Phasemeter for frequency ringdown measurements

I’ve been thinking about the possibility of using the moku phasemeter to track the exponential ringdown (of frequency) of a system. So far, I’ve been doing this in the least sophisticated way imaginable - I have knowledge of the starting frequency, so I simply run the Spectrum Analyzer with a 1 or 2 kHz span (so I have sufficient frequency resolution), acquire data, find the peak frequency, and then set the center frequency for the next iteration of the SA measurement to be the position of the last found peak. This sort of works because I didn’t need to know the instantaneous frequency at particularly high sampling frequency.

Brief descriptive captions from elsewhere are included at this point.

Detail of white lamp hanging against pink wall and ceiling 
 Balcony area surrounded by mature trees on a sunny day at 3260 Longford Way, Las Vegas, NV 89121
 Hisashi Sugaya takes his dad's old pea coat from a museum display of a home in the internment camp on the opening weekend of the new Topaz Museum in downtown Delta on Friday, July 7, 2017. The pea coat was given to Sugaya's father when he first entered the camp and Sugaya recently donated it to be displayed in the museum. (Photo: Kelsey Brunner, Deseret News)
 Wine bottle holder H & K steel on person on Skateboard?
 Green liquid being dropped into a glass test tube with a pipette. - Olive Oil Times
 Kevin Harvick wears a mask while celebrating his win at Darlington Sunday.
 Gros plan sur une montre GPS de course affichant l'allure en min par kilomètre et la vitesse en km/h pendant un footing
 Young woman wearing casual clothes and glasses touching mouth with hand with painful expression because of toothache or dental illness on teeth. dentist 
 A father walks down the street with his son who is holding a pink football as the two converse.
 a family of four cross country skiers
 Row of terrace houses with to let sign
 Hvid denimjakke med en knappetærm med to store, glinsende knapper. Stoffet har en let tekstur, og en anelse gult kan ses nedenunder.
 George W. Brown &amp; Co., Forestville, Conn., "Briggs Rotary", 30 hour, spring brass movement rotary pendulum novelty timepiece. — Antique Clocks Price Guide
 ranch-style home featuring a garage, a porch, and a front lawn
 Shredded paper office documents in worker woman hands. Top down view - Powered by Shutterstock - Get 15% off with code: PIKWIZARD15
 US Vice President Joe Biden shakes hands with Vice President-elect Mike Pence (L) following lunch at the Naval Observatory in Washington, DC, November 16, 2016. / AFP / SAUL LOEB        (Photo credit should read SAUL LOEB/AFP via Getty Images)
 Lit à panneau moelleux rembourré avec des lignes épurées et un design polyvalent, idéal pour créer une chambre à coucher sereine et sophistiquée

I am wondering if others have used the phasemeter instrument for similar applications? In principle, as long as one can arrange for the phasemeter to be locked to the frequency at the start of the ringdown, and provided the fastest rate of change of frequency is within the phasemeter bandwidth, I can track all parameters (amplitude, frequency and phase). The trouble is that the signal whose frequency I am trying to track has a few spurious peaks, and the phasemeter appears to lock onto these frequencies as the main signal frequency rings down. Is there some clever way to bypass this limitation? A bunch of software notches won’t do the job, as I guess the phasemeter will lose lock whenever the spurious spectral peaks (but also the signal frequency) get notched out. Do I have to do this programmatically, forcing the phasemeter to re-acquire lock every time the detected frequency stays constant for > some threshold time?

Hi Gautum,
Interesting problem! I agree, that the phasemeter should be able to do this if you can solve the problems with locking to the spurious peaks either by some sort of (gentle) filtering or fiddling with the phasemeter bandwidth. With Mokus, there are often multiple ways to make the same measurement, so…crazy idea warning for the suggestions below.
Depending on the dynamics of the ringdown, you might want to try the Moku’s Time and Frequency Analyser. It can measure period of a signal by e.g. setting Interval A to start at Event A and stop at Event A. You can use the built in data logger to log this, or you could write the result out as a voltage (using the third tab “Output”) to monitor the period live on say, an oscilloscope or data logger in the next slot. You might have dead/noisy times in your measurement as the signal frequency passes through the frequencies of the spurious peaks, but assuming that your ring down signal amplitude is bigger than the spurious signals, this might work. At least there is no lock to drop so it should recover on its own. You could also try notching the bigger spurs out with the FIR filter instrument.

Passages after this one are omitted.